With the discovery of newer genetic markers, production of more reference databases, validation of laboratory techniques, development of more efficient protocols for sample recovery and DNA extraction, and the ability to type samples of low quantity and quality, DNA analysis is going to revolutionize animal DNA forensics. Genome sequencing is becoming faster and less expensive, paving the way for the development of novel markers for forensic identification and the subsequent production of reference data. The increase in genomic data generated through high-throughput sequencing technologies will enable the discovery and application of markers associated with adaptive traits, thereby allowing greater resolution of geographic population identification. It will also provide universal nuclear primers that can amplify informative regions over a broad range of taxa.

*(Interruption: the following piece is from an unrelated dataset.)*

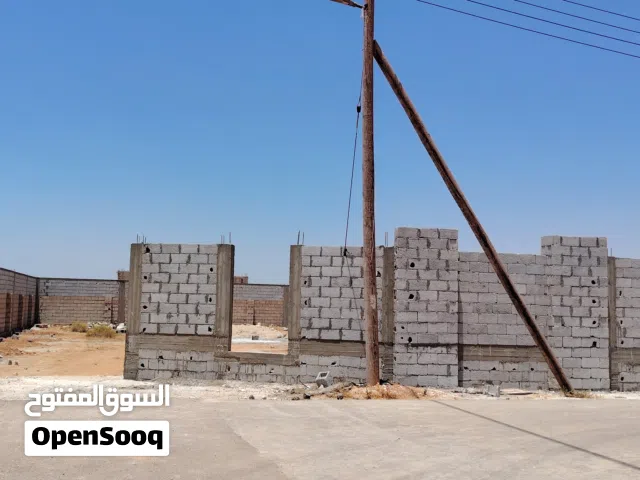 975م عليها صور قطران وضي في كمباوند حي الزهراء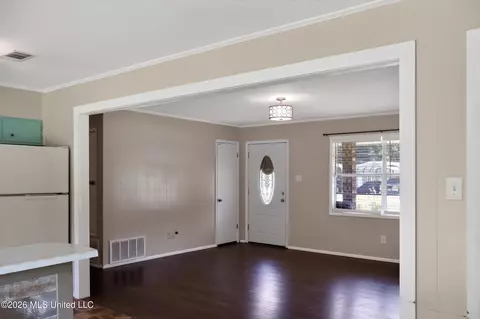 Living - 6301 Cleo Dr, Moss Point, MS 39562 photo 1 of 5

So long as the emerging technologies will keep on adding to the forensic genetic toolbox, current genetic technologies, with the help of various nuclear and mitochondrial DNA markers, are capable of addressing most forensic questions. The choice of a genetic marker depends on the forensic question to be addressed and the ecology and genetic knowledge of the species. However, in order to validate their routine use for forensic application and admissibility as evidence, further research needs to be done. Furthermore, it is necessary to establish a network of accredited animal and wildlife DNA forensic laboratories.